*** Data for analysis Section Begins ***
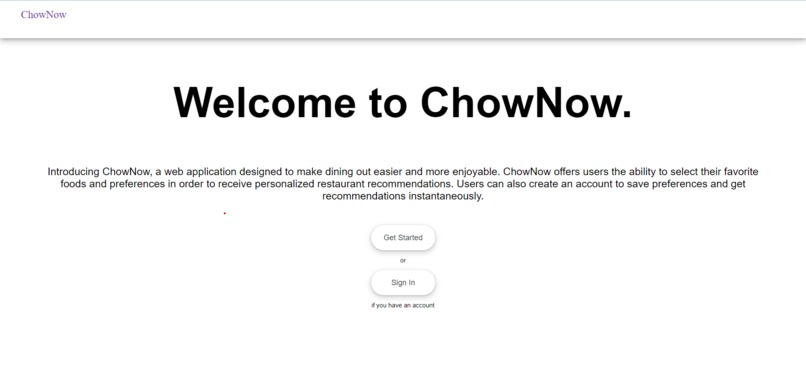 Chownow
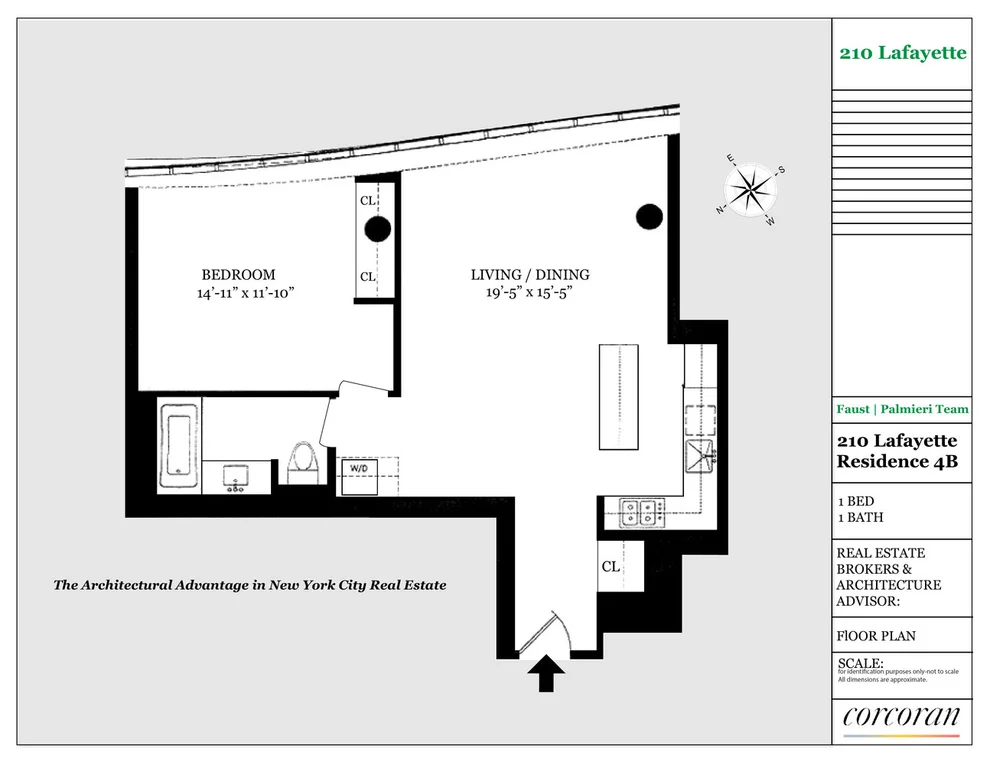 Unit for sale at 210 LAFAYETTE Street, Manhattan, NY 10012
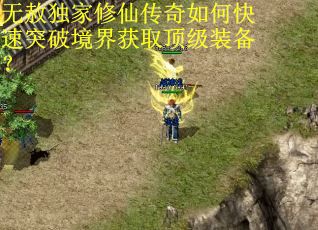 无赦独家修仙传奇如何快速突破境界获取顶级装备？
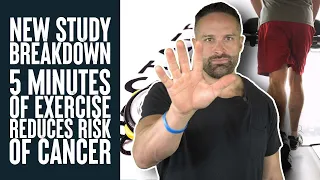 New Study: 5 Minutes of Exercise a Day Could Save Your Life | Educational Video | Biolayne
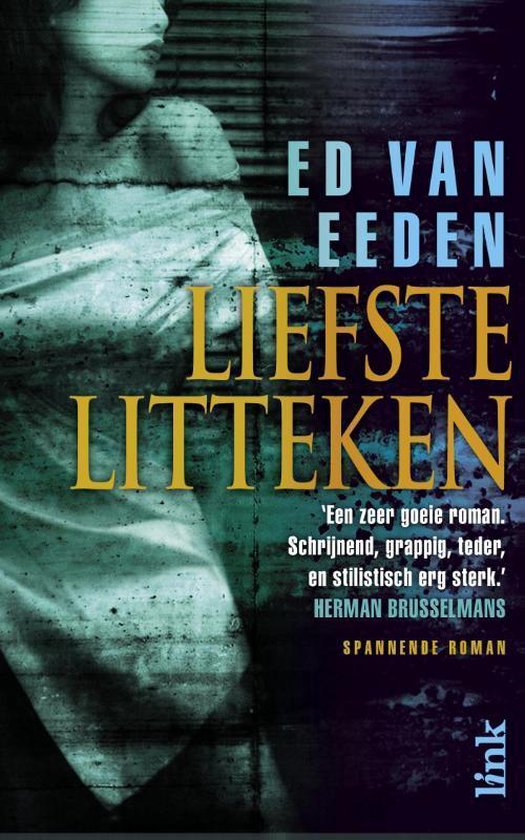Cover van het boek 'Liefste litteken'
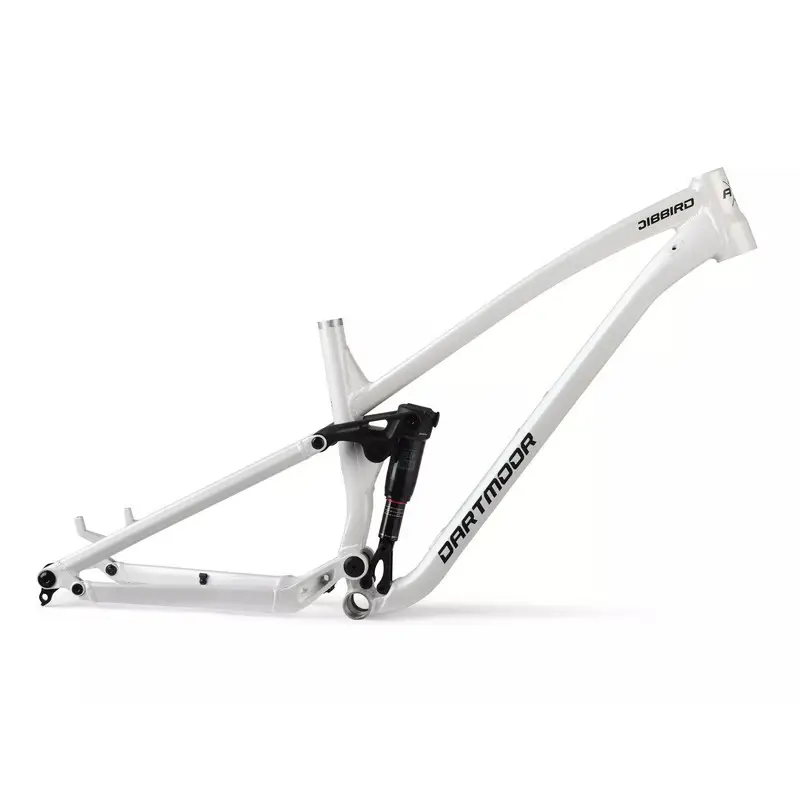 Telaio Slope Style Jibbird 27.5'' Boost Con Ammortizzatore Glossy White Pearl 2025 Taglia Unica - image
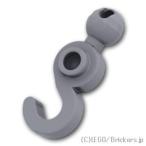  Lego машина детали продажа поотдельности #30395 крюк : темно-серый | LEGO. детали кран 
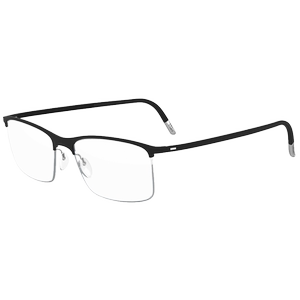 
Silhouette Shile glasses frame eyebrow-shaped half-frame business frame myopia glasses for men and women lightweight titanium frame 2904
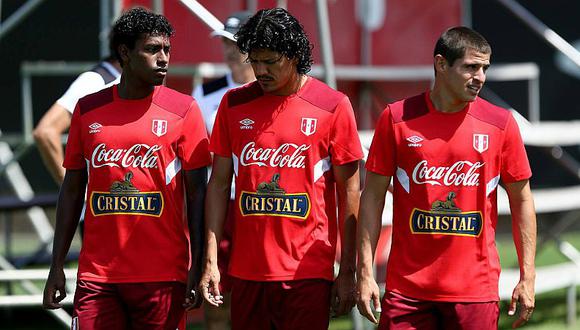 Selección peruana: Así llegaron los seleccionados a la primera práctica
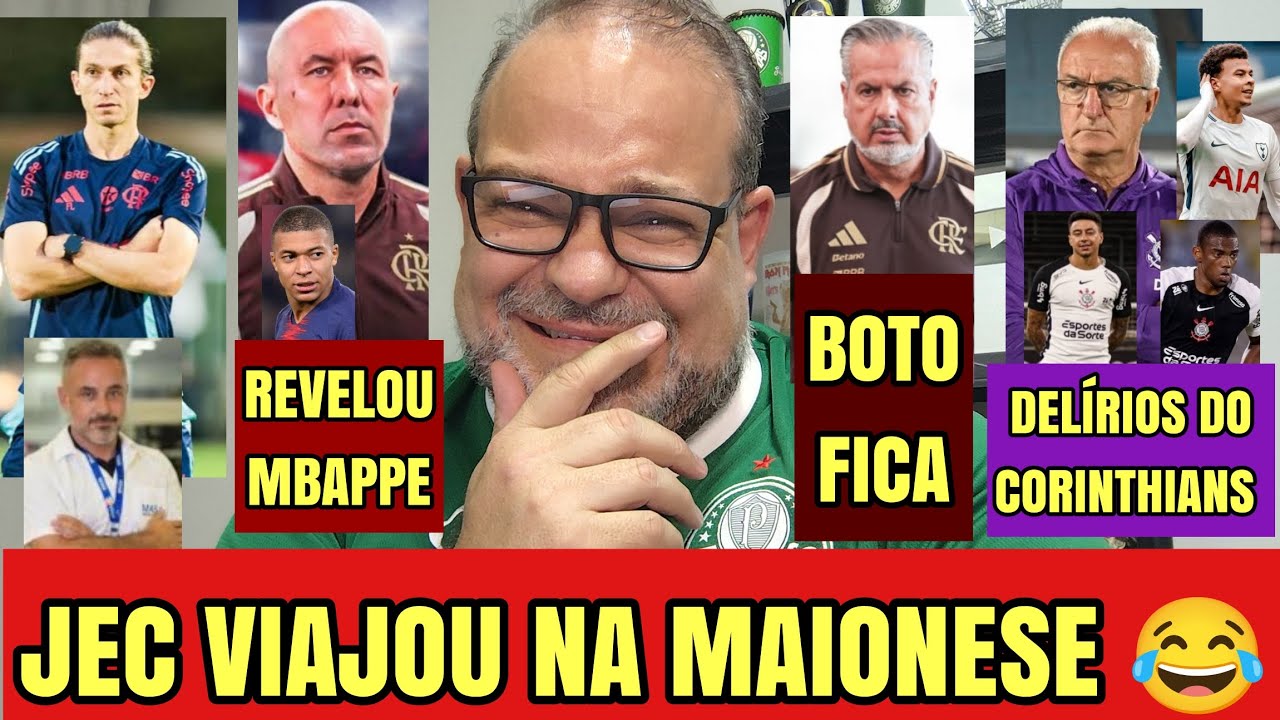 FLAMENGO MANTÉM BOTO! LEO JARDIM SALARIO E CURIOSIDADE! FILIPE LUÍS NA GLOBO! TIME DE SC PROCURA! 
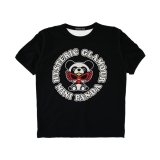 Hystericmini ANGEL MINI ショート丈 半袖Tシャツ 25；ピンク 15141143
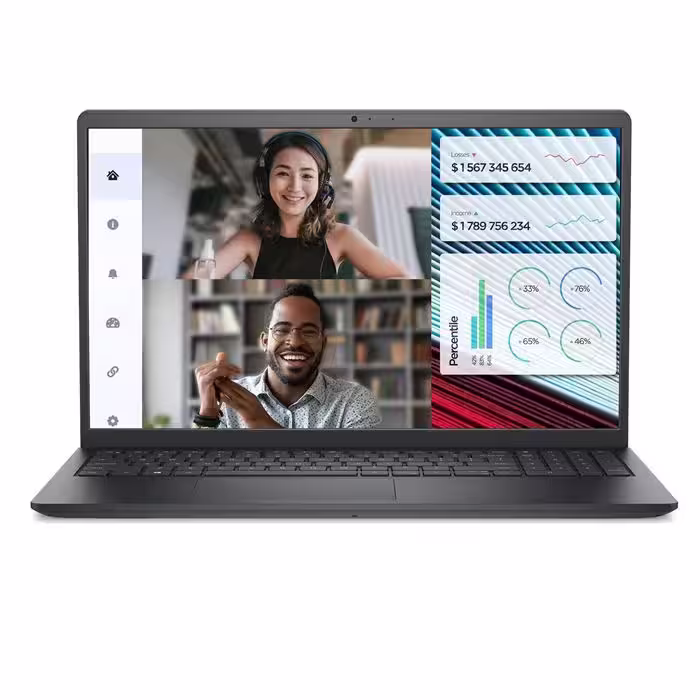 لپ تاپ دل Vostro 3520 پردازنده Core i7 1255U رم 8GB حافظه 1TB گرافیک 2GB MX550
*** Data for analysis Section Ends ***
> [Instructions for the task]: What is needed is an exact copy of every entry, with the pictures removed.

> [Exercise response]:
 Chownow
 Unit for sale at 210 LAFAYETTE Street, Manhattan, NY 10012
 无赦独家修仙传奇如何快速突破境界获取顶级装备？
 New Study: 5 Minutes of Exercise a Day Could Save Your Life | Educational Video | Biolayne
Cover van het boek 'Liefste litteken'
 Telaio Slope Style Jibbird 27.5'' Boost Con Ammortizzatore Glossy White Pearl 2025 Taglia Unica - image
  Lego машина детали продажа поотдельности #30395 крюк : темно-серый | LEGO. детали кран 
Silhouette Shile glasses frame eyebrow-shaped half-frame business frame myopia glasses for men and women lightweight titanium frame 2904
 Selección peruana: Así llegaron los seleccionados a la primera práctica
 FLAMENGO MANTÉM BOTO! LEO JARDIM SALARIO E CURIOSIDADE! FILIPE LUÍS NA GLOBO! TIME DE SC PROCURA! 
 Hystericmini ANGEL MINI ショート丈 半袖Tシャツ 25；ピンク 15141143
 لپ تاپ دل Vostro 3520 پردازنده Core i7 1255U رم 8GB حافظه 1TB گرافیک 2GB MX550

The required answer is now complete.